Une autre pratique problématique est que les personnels de ces prestataires ne sont employés que pour des courtes périodes sur place, beaucoup ne restant pas plus d’un an. Avec la rotation du personnel sans véritable relai pris, le résultat est inévitablement la perte des leçons apprises, du savoir-faire, et du rapport avec les contreparties locales.
Une cause plus profonde : le monopsone
L'explication profonde des problèmes relatifs à ces contrats de développement est le monopsone. Contrairement à un monopole, dans lequel un vendeur domine le marché, une situation de monopsone se produit lorsque un acheteur unique - dans ce cas, le gouvernement des États-Unis - fait face à de nombreux vendeurs. Ainsi, l'acheteur unique doit avoir la possibilité de dicter ses conditions et faire baisser les prix. Mais parce que le gouvernement américain a abandonné sa responsabilité de surveillance, cette structure pervertie de marché a entraîné une aubaine pour les prestataires financés par le gouvernement US.
Ces problèmes sont en contraste frappant avec les pratiques des ONG humanitaires financées de manière privée, dont beaucoup ont une longue histoire en Afghanistan. Par exemple, la Mission d'Assistance Internationale a commencé à travailler en 1966, et le Comité Suédois dans le début des années 1980. Ayant survécu à la fois l'invasion soviétique et au régime des talibans, ils ont réussi à se concentrer sur un élément-clé : le relationnel. Ils établissent des liens avec les populations locales, restent longtemps sur place, et insistent sur une période allongée de relai entre le personnel entrant et sortant. Sans surprise, ils parlent la langue locale (le dari et le pachtou) et connaissent le protocole entourant cette vieille tradition afghane : boire le thé.
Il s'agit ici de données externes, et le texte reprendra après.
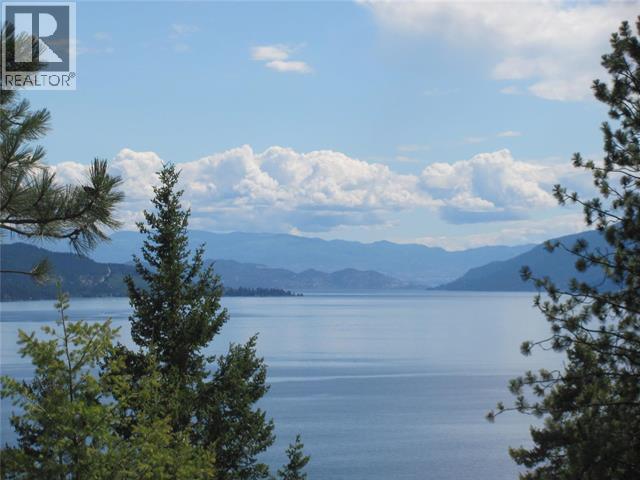 10451 Westshore Road, Vernon, British Columbia  V1H 2B2 - Photo 2 - 10384838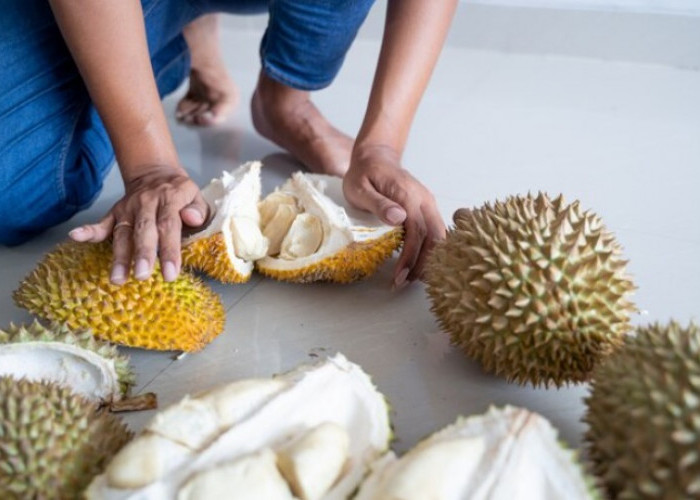 Buah Durian Jangan Dikombinasikan, Berikut Ini 8 Pantangan Setelah Mengkonsumsi Buah Durian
Le développement économique tient en partie des sciences sociales, en partie de l'anthropologie. Il s'agit donc de travailler avec les autochtones, et non autour. La promotion du relationnel est la plus grande lacune de l'Amérique en Afghanistan. Les promesses non tenues, le travail inachevé, et une réticence à apprendre les coutumes locales démontrent non seulement un manque d'intérêt dans les objectifs que nous épousons, mais aussi un mépris apparent pour le peuple afghan.
Mettre fin aux souffrances
Avec l'économie mondiale en berne, les donateurs privés ne pourront donner autant aux ONG humanitaires. Le gouvernement américain continue à financer le gaspillage et la corruption du monde des contrats de développement. Malheureusement, avec les ressources illimitées affectées à ces contrats, les talents susceptibles de travailler pour des ONG sont détournés. Les ONG humanitaires sont donc attaquées sur deux fronts. Cette situation est tragique, car ces organisations sont souvent les plus aptes à améliorer la vie du peuple afghan.
Certes, les Afghans font toujours face à une rude bataille pour assurer leur propre sécurité et la stabilité, et éradiquer la corruption. Mais il est clair que les prestataires du gouvernement US sont embourbés dans une gestion calamiteuse et l'échec patent, perpétuant au mieux la dépendance. Il est temps pour M. Karzaï de mettre fin à cette souffrance en exigeant que tous les contrats de développement du gouvernement américain soient retirés d'Afghanistan dès que cela sea raisonnablement possible.
Malou Innocent est analyste au Cato Institute à Washnigton DC, Josef Storm a travaillé en Afghanistan et au Soudan avec des entreprises prestataires de projets de développement.